◆ **WHAT TO DO**: Starting at the line that contains "Male panties, size", repeat each line of the listing below through the last one, exactly, and leave out every picture.

◆ **AVAILABLE DATA**:

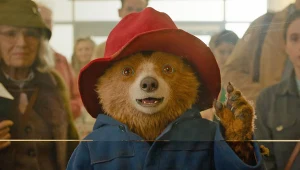 "Paddington w Peru" [trailer]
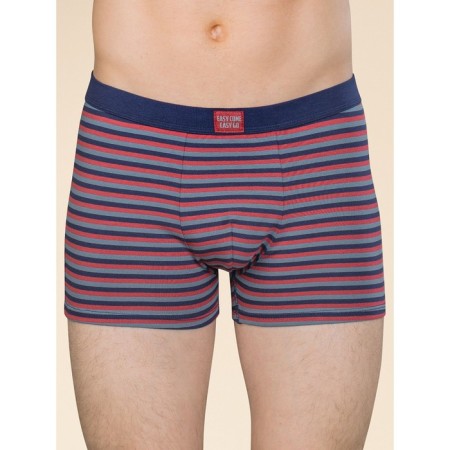 Male panties, size XL, burgundy color, dark blue, 2 pcs-4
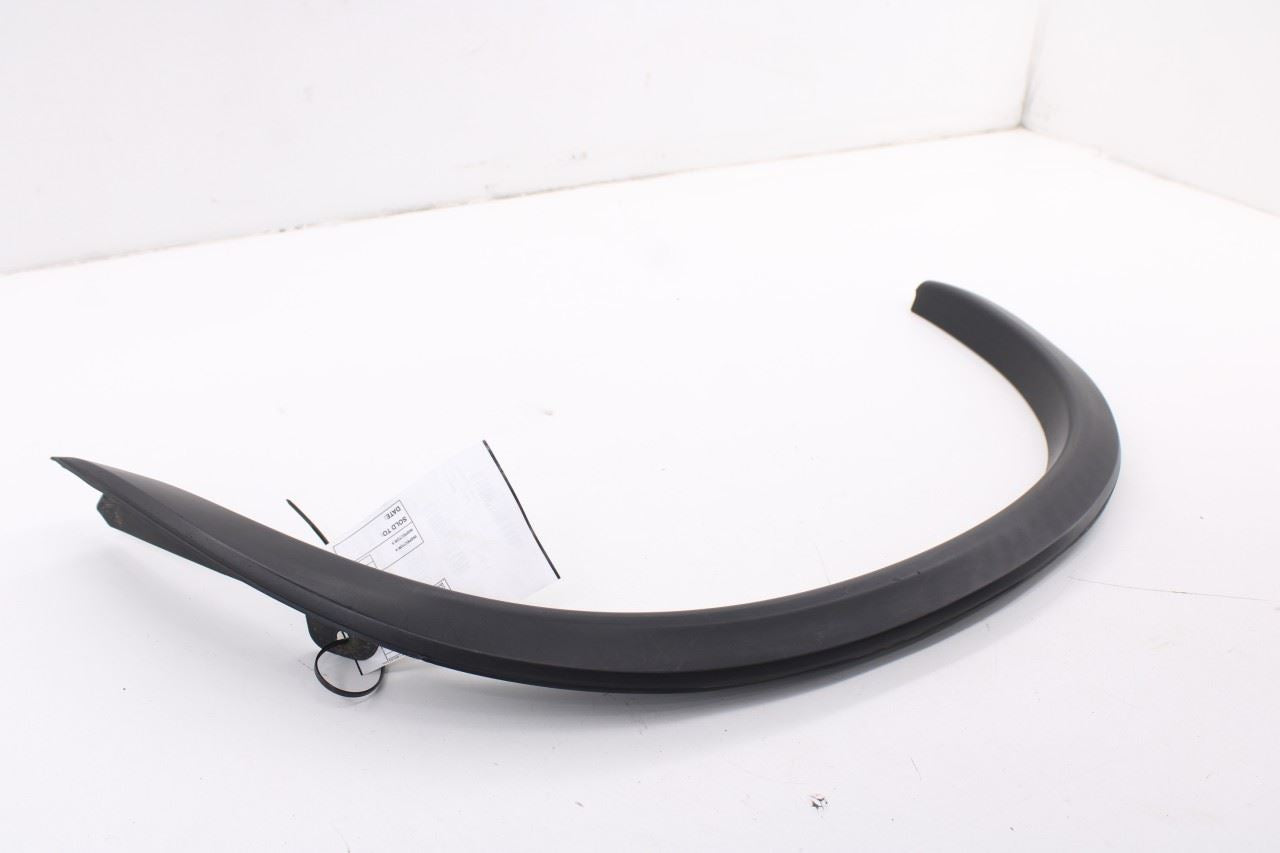 2020-2025 Mitsubishi Outlander Sport SE Rear Right Fender Wheel Molding 5228A5965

◆ **OUTPUT FOR THIS EXERCISE**:
 Male panties, size XL, burgundy color, dark blue, 2 pcs-4
 2020-2025 Mitsubishi Outlander Sport SE Rear Right Fender Wheel Molding 5228A5965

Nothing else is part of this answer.